> **Data shown**:
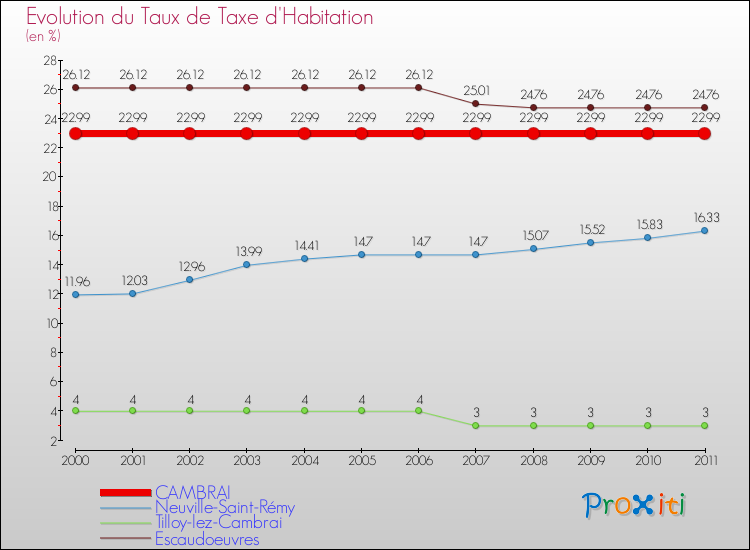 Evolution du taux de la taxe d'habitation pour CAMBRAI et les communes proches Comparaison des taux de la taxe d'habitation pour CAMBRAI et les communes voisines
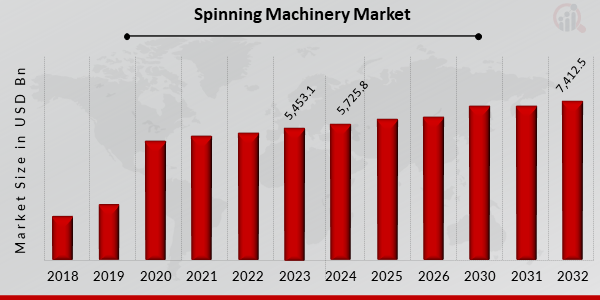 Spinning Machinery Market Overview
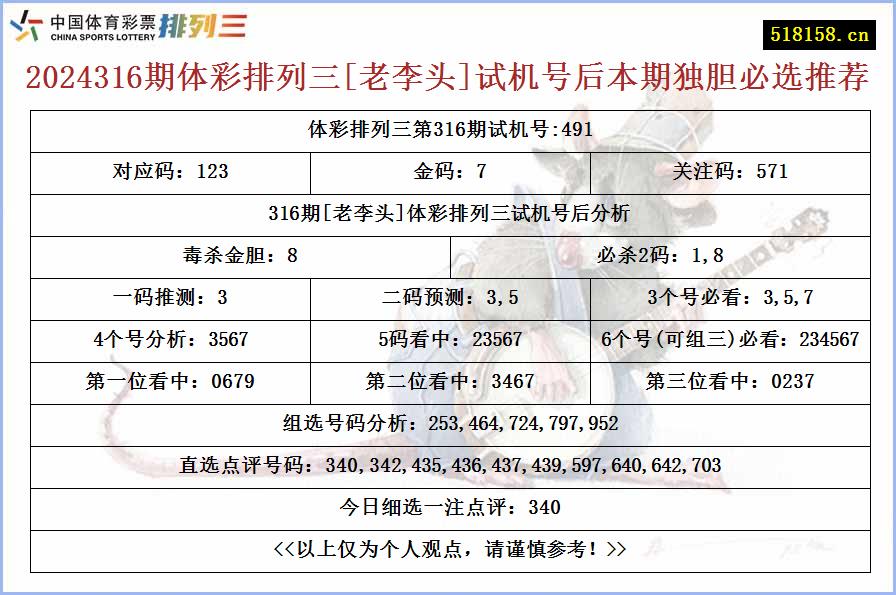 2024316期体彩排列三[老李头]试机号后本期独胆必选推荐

> **Task directions**:
Take the listing above and retype it exactly. Its pictures are to be omitted.

> **Exercise solution**:
 Evolution du taux de la taxe d'habitation pour CAMBRAI et les communes proches Comparaison des taux de la taxe d'habitation pour CAMBRAI et les communes voisines
 Spinning Machinery Market Overview
 2024316期体彩排列三[老李头]试机号后本期独胆必选推荐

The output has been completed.